Questions fréquentes
L'Union des Républiques socialistes soviétiques a été officiellement créée le 30 décembre 1922, lorsque quatre républiques fondatrices (Russie, Ukraine, Biélorussie et Transcaucasie) ont signé le traité d'union, cinq ans après la révolution bolchevique d'octobre 1917.
L'URSS s'est dissoute le 25 décembre 1991, quand Mikhaïl Gorbatchev a démissionné de la présidence et que le drapeau soviétique a été descendu du Kremlin. La dissolution fait suite aux accords de Belovej du 8 décembre 1991, signés après l'échec du putsch d'août 1991, et résulte de la crise économique, des réformes de la perestroïka et de la montée des nationalismes dans les républiques.
Entre 1936 et 1938, environ 700 000 citoyens soviétiques ont été exécutés et plus de 1,5 million de personnes arrêtées lors de la Grande Terreur orchestrée par Staline et le NKVD. Les purges ont également décimé l'encadrement de l'Armée rouge, avec 35 000 officiers exécutés ou emprisonnés.
L'URSS a perdu environ 27 millions de personnes pendant la Grande Guerre patriotique (1941-1945), militaires et civils confondus, soit la perte la plus lourde de tous les pays belligérants. La bataille de Stalingrad seule a fait plus de 2 millions de victimes entre 1942 et 1943.

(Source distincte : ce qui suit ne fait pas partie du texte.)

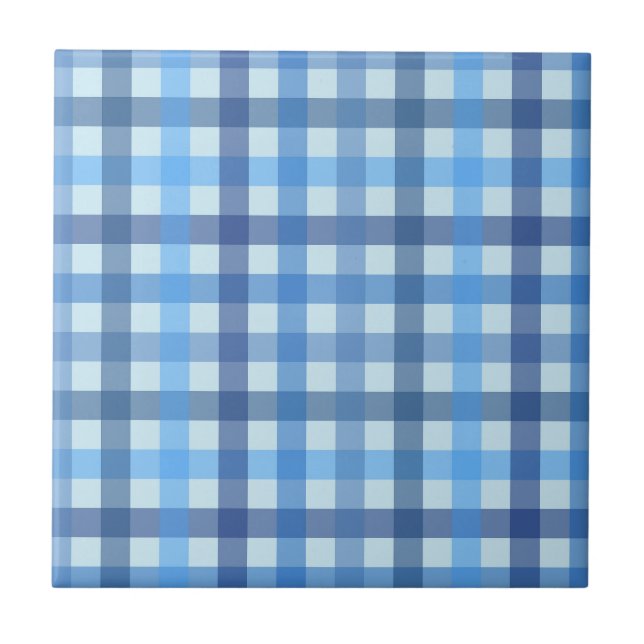 Carreau de céramique à motif gingham six couleurs  (Devant)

La perestroïka (restructuration économique) et la glasnost (transparence de l'information) sont les deux réformes lancées par Mikhaïl Gorbatchev à partir de 1985 pour moderniser l'URSS. Elles ont permis l'ouverture des archives sur les crimes staliniens, les premières élections semi-libres en 1989, mais ont aussi libéré des tensions nationalistes que le pouvoir central n'a plus pu contenir, menant à la chute du régime en 1991.
De nombreux monuments et musées soviétiques sont accessibles aux voyageurs : le mausolée de Lénine sur la place Rouge à Moscou, le musée de la Cosmonautique, le mémorial de Mamayev Kurgan à Volgograd, les stations de métro moscovites construites dans les années 1930-1960, ainsi que l'architecture stalinienne et les immeubles khrouchtchevki visibles dans la plupart des grandes villes russes.